## Exercise data
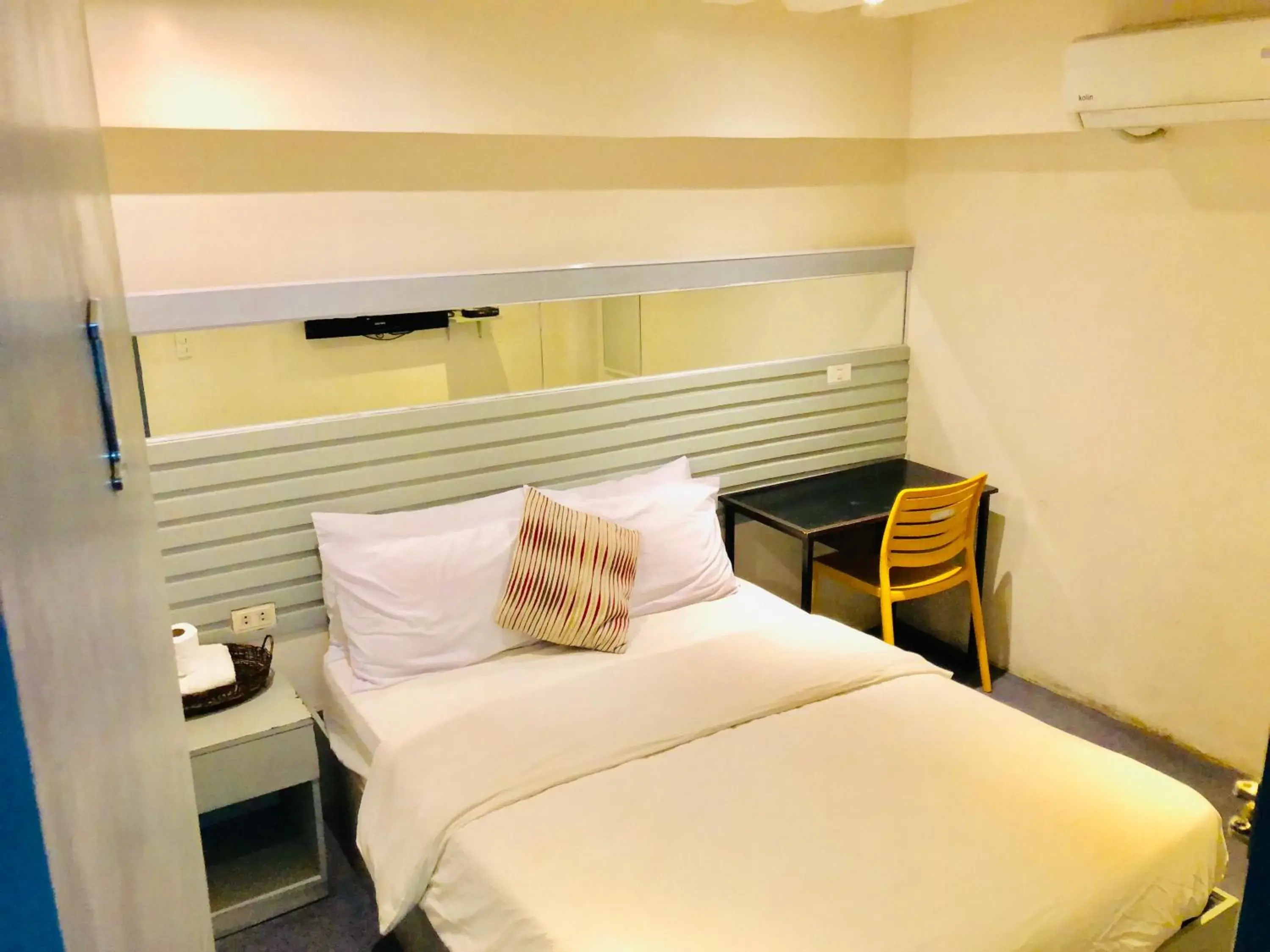 Queen Room in Hometown Hotel - Lacson Bacolod Queen Room in Hometown Hotel - Lacson Bacolod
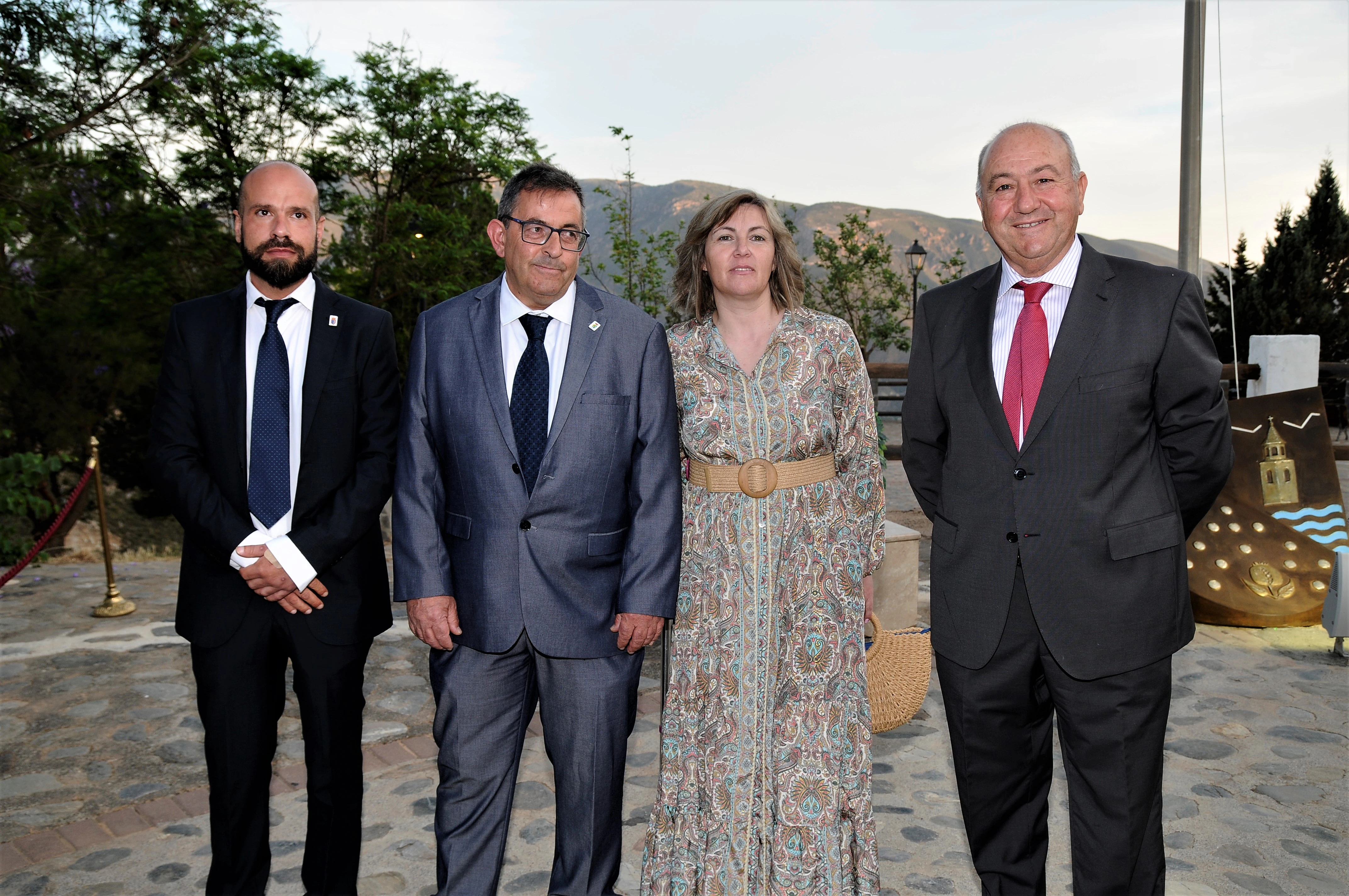 El MADOC asiste al acto de colocación de una Bandera de España en el mirador del municipio alpujarreño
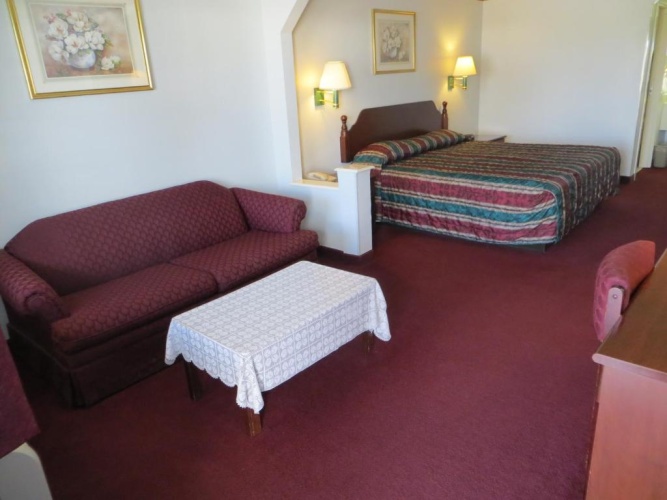 Standard Triple room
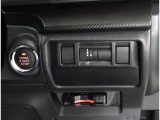 ボタンでエンジン始動が可能な、プッシュスタート機能搭載!もしもの時の、盗難警報装置イモビライザーも同時に装備されております! キーレスのボタン、もしくは、ドアハンドルのスイッチセンサーで開閉可能です!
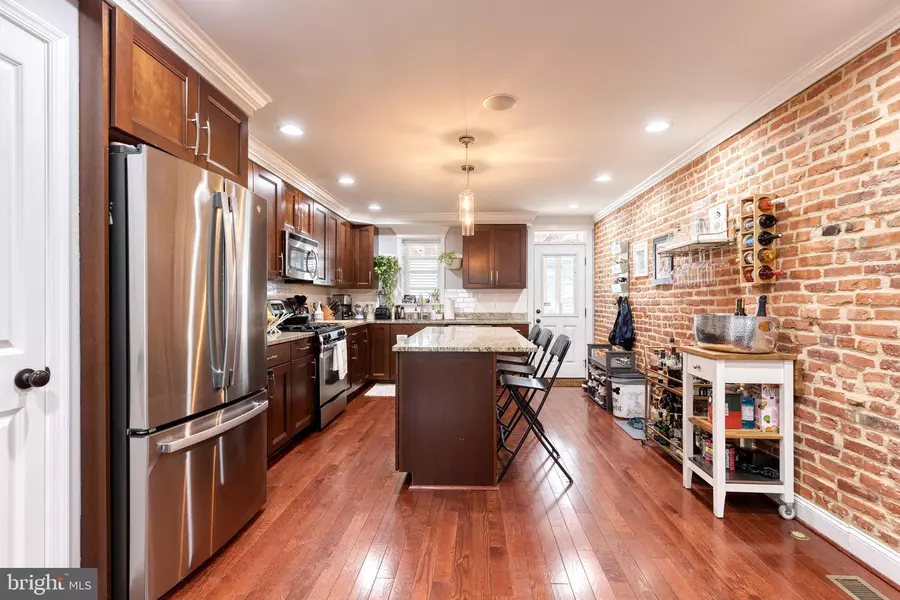 211 S CLINTON ST, Baltimore, MD 21224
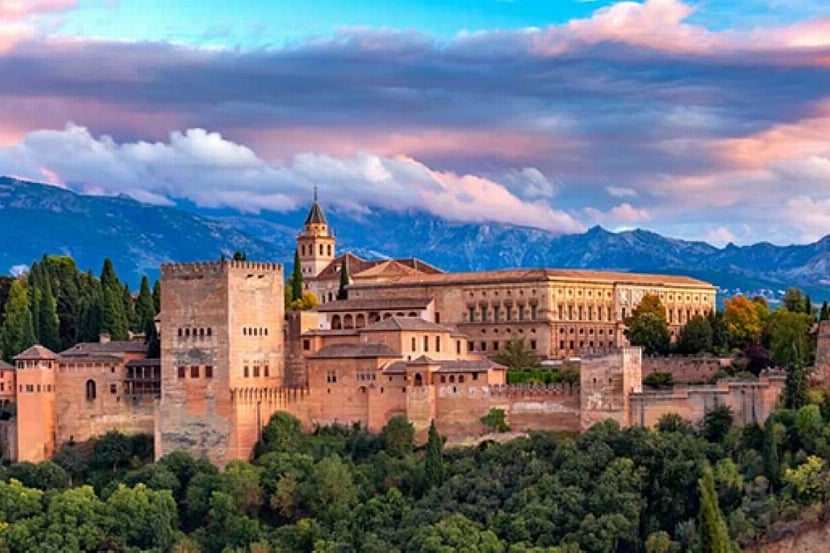 Spain’s Alhambra Palace temporarily closed after 4.8 earthquake causes ...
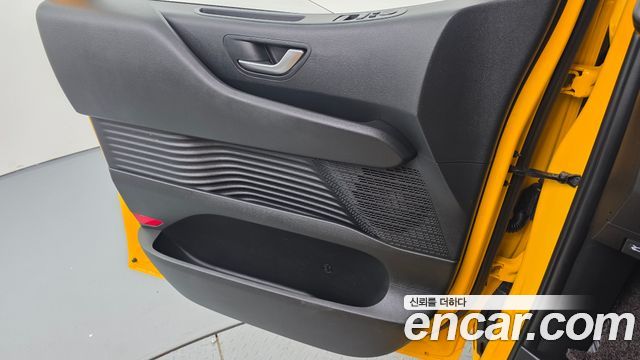 Hyundai Staria L3.5  Kinder Safety Car 11-Seater 2023 — фото 24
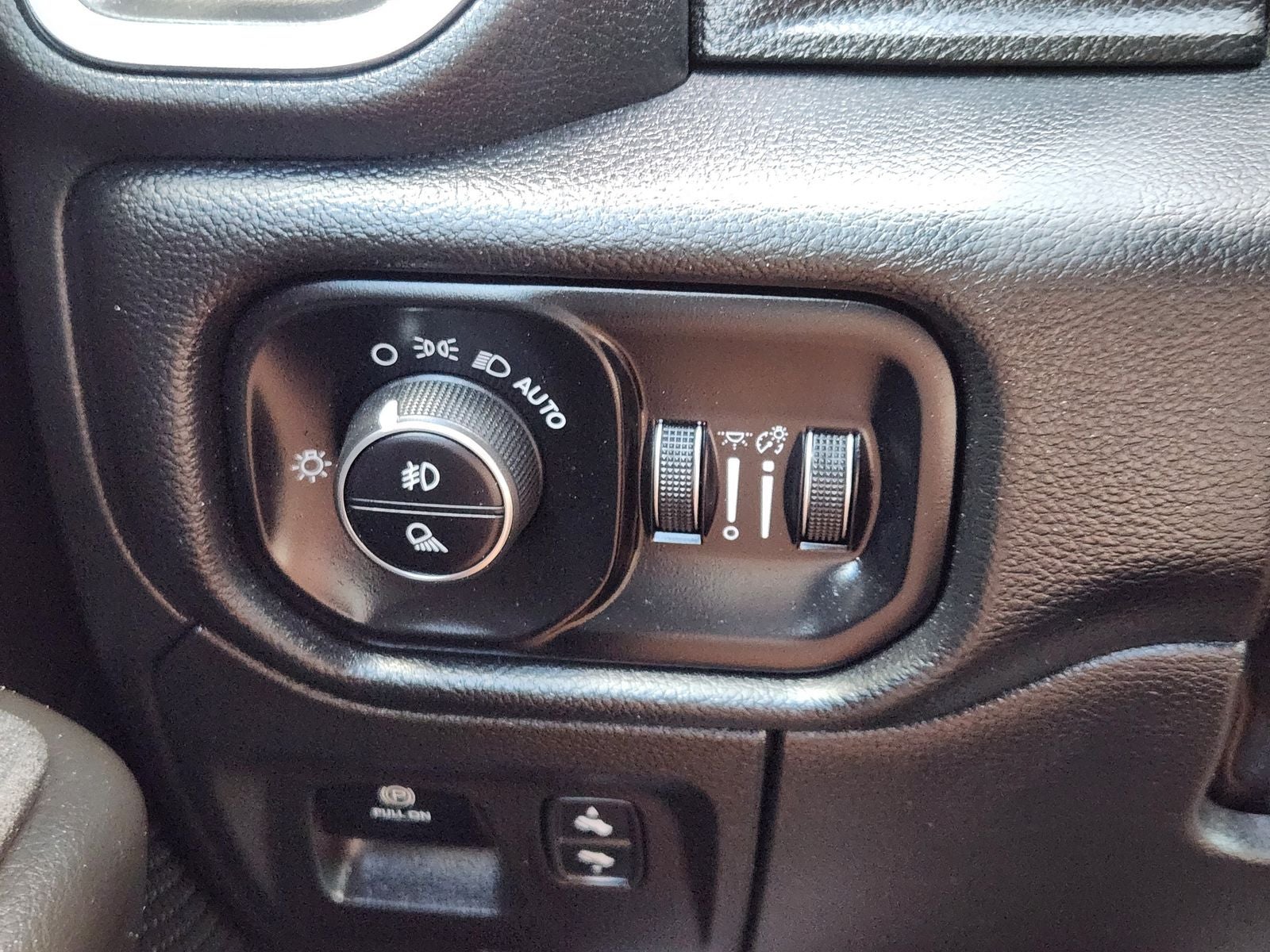 2025 RAM Ram 1500 Lone Star Crew Cab 4x2 5'7' Box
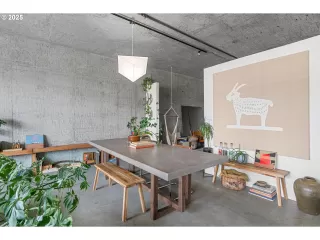 Photo #5: 311307496 Listing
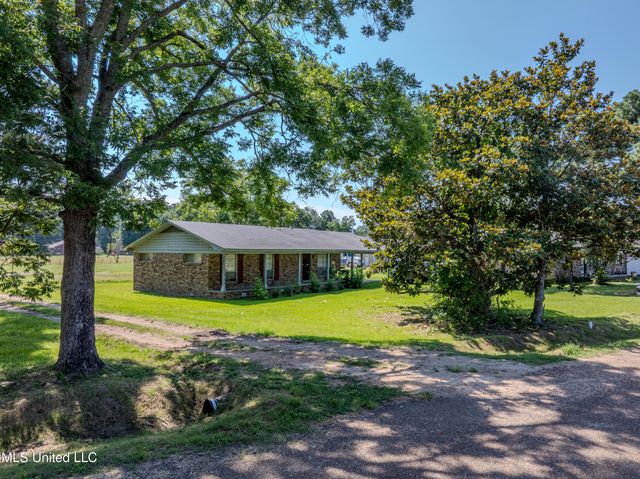 713 West Street, Coldwater, MS 38618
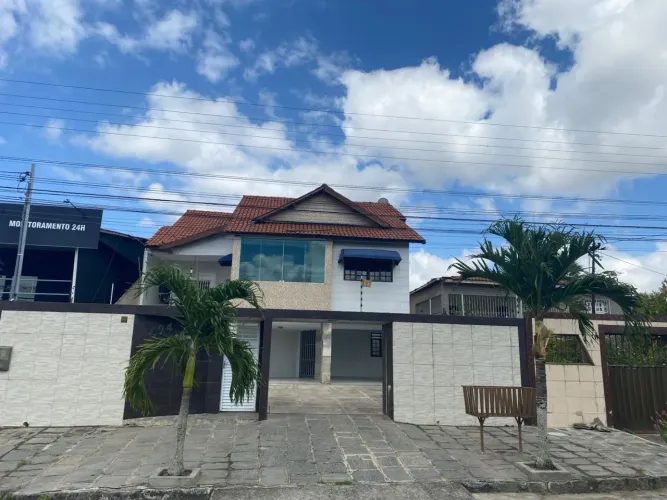 Vende ou aluga excelente casa . Venda 630 mil , aluguel 4 mil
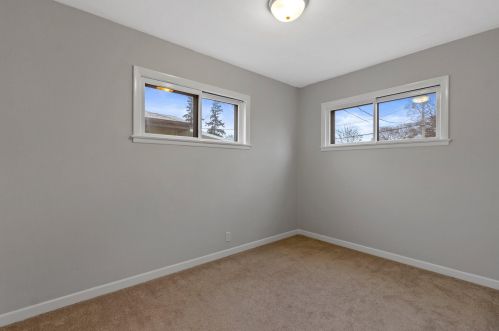 3816 51, Milwaukee WI 53220-2022 exterior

## Exercise description
The whole listing should be printed again exactly as written, images excluded.

## Task output
 Queen Room in Hometown Hotel - Lacson Bacolod Queen Room in Hometown Hotel - Lacson Bacolod
 El MADOC asiste al acto de colocación de una Bandera de España en el mirador del municipio alpujarreño
 Standard Triple room
 ボタンでエンジン始動が可能な、プッシュスタート機能搭載!もしもの時の、盗難警報装置イモビライザーも同時に装備されております! キーレスのボタン、もしくは、ドアハンドルのスイッチセンサーで開閉可能です!
 211 S CLINTON ST, Baltimore, MD 21224
 Spain’s Alhambra Palace temporarily closed after 4.8 earthquake causes ...
 Hyundai Staria L3.5  Kinder Safety Car 11-Seater 2023 — фото 24
 2025 RAM Ram 1500 Lone Star Crew Cab 4x2 5'7' Box
 Photo #5: 311307496 Listing
 713 West Street, Coldwater, MS 38618
 Vende ou aluga excelente casa . Venda 630 mil , aluguel 4 mil
 3816 51, Milwaukee WI 53220-2022 exterior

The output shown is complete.